All “our efforts to control nature always end badly,” as Ted Nordhaus puts it in Why We Can’t Leave Nature Alone. “Nature is endlessly complex and our capacities to understand it are far more limited than arrogant engineers are capable of comprehending.”

Even with the best of intentions, conservationists and technocrats alike attempt to fix one problem yet repeatedly create more and more problems. There are invisible threads everywhere. Roots connected in some unknown source. We keep trying to free ourselves, free everything, but it’s all too damn entangled.

It turns out, Life is something we’re imbued with, not in control of. And the Earth is a body we belong to, not one we own. To think that we’re superior here would be like saying that only one part of our own body has inherent value while the rest of it is purely extraneous. Well of course that’s absurd. Our body functions as a whole. Each cell, organ, process and system works together to create our overall health. And health extends beyond our body’s basic functioning. We are living beings not subject to physical laws only. We have mental, emotional, social, and perhaps spiritual experiences that transcend the material world. Which makes us far more complex than any physical clump of matter, no matter how complexly constructed the matter might be. We are not merely systems of chemical interactions. We are certainly not machines. Like all other life forms and the universe at large, we’re made up of things both physical and nonphysical.
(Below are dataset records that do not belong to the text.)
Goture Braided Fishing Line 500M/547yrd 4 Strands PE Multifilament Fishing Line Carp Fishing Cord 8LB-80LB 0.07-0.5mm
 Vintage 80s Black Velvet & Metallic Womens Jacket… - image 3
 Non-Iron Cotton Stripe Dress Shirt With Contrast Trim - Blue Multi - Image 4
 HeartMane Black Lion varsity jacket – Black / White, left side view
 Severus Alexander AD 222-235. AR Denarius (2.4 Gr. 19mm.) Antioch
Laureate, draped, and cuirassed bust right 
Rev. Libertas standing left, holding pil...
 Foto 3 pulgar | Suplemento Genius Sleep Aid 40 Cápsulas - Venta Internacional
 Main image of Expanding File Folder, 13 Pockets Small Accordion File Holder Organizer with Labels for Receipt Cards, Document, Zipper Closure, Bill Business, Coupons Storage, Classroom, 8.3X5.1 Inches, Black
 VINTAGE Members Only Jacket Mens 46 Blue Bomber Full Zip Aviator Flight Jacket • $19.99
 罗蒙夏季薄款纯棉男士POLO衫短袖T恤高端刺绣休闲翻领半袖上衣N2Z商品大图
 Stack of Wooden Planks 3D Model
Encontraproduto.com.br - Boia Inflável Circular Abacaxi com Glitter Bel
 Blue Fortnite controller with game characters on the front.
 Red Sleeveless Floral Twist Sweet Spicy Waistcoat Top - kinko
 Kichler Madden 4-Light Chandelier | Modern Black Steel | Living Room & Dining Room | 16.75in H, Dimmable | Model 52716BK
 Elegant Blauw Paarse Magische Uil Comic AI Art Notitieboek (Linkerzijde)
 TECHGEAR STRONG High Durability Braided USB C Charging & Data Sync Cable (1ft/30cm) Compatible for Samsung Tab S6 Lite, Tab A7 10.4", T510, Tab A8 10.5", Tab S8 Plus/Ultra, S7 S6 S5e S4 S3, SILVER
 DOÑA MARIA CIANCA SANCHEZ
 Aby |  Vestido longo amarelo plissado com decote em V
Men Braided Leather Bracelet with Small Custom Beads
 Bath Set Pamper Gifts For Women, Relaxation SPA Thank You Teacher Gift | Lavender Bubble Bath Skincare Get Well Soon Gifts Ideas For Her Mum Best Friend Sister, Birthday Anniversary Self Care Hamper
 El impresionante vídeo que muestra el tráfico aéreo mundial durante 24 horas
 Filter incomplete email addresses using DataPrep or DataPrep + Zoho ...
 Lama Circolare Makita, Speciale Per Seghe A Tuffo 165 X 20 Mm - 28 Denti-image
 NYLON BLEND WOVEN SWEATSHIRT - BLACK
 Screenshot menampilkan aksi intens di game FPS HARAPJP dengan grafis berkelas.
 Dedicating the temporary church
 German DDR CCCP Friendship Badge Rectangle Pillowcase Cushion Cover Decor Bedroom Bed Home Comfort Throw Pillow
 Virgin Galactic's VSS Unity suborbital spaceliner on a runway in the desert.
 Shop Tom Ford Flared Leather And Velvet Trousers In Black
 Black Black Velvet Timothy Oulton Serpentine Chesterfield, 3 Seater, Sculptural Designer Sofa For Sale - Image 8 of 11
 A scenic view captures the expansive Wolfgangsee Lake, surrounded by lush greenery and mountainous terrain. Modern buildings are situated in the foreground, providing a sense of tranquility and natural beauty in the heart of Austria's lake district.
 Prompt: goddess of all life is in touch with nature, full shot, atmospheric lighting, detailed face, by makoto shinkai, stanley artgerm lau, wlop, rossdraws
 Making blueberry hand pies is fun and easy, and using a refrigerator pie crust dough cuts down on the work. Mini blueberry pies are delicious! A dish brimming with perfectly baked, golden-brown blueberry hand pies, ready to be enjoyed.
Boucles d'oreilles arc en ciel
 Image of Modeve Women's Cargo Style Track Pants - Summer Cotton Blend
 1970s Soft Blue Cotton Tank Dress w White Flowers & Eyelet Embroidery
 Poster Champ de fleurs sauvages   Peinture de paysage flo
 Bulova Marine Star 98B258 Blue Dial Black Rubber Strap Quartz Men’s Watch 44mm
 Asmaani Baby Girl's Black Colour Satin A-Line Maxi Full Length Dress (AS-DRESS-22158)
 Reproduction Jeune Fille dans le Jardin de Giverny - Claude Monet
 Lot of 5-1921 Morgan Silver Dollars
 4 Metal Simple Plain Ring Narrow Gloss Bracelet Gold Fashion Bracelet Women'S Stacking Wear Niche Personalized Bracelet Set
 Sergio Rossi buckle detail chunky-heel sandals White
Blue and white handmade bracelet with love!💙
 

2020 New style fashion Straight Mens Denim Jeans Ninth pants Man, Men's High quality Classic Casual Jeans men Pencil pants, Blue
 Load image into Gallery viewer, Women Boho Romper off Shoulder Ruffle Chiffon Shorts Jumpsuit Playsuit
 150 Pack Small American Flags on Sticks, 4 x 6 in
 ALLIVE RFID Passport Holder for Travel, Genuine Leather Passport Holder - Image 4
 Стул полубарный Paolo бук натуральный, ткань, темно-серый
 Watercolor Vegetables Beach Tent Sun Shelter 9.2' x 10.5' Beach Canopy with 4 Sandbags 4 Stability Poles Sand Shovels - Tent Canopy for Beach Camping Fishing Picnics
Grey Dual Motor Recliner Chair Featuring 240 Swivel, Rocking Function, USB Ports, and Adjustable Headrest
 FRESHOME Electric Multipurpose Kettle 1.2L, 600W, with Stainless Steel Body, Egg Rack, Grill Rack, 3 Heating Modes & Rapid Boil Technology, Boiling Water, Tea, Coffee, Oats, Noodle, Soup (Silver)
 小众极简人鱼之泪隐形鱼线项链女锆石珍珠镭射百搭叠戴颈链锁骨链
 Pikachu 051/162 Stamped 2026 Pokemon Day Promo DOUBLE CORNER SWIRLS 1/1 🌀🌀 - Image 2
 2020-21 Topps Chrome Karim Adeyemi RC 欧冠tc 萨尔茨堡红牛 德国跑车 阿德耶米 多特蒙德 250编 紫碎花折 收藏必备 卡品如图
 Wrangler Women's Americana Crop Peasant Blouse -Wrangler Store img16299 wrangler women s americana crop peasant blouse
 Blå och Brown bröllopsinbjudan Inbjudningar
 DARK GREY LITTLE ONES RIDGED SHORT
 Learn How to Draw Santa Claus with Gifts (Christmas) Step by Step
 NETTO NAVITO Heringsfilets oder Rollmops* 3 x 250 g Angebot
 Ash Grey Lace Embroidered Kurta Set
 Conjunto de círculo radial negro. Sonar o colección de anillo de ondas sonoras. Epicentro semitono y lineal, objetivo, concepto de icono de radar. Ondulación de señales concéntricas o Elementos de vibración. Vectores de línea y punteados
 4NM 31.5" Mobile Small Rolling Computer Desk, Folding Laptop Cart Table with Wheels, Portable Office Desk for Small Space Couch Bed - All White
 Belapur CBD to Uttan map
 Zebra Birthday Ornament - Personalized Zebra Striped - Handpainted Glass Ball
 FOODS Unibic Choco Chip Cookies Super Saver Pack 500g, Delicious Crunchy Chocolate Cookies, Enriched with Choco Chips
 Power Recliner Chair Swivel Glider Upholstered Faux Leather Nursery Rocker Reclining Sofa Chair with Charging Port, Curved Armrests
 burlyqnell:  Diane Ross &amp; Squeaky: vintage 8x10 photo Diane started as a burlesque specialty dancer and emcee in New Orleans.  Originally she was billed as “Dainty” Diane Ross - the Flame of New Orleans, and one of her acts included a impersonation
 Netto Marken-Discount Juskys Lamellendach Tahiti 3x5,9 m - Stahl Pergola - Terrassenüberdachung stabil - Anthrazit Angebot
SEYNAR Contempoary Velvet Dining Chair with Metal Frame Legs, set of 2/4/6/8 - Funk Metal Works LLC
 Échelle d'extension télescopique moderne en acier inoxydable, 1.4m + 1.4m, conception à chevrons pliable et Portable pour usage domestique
In fact, only about 5% of the universe is composed of ordinary physical matter. The other 95% is composed of stuff scientists cannot see, detect or even comprehend. It seems that our physical experience is held within some sort of nonphysical reality. Which might sound contradictory at first, but perhaps they’re actually complementary. Two sides of the same coin.

This is the beauty of quantum science. It’s the quantum leap we’re being asked to take.

What quantum science shows us, time and time again, is that the universe is composed of potentialities rather than objects. Wave-like energies or frequencies that collapse into physical matter only when they’re measured or observed. Until then, it seems there is something bigger at play.

“The day science begins to study non-physical phenomena, it will make more progress in one decade than in all the previous centuries of its existence.”

– Nikola Tesla

Once you realize that materialism isn’t the absolute truth about reality, that it’s only a belief system, then there is space for it to naturally shift as needed. While we can’t separate ourselves from the entanglement of life, we can untangle ourselves from limited thinking – and limited imagination! We can begin to embrace scientific inquiry that emancipates and empowers, leaving behind a science that wishes only to dominate and alienate.

Personally, I feel freer than ever! In my own creativity, in how I perceive and navigate the world, in everything and everyone I interact with, there’s just more space.

Life, too, has exponentially more meaning. I belong to something so vast, something that is designed with an infinite number of potentialities and might even be requesting my participation in order to become fully manifest. I think it could be the something “more” I’ve been seeking my entire life.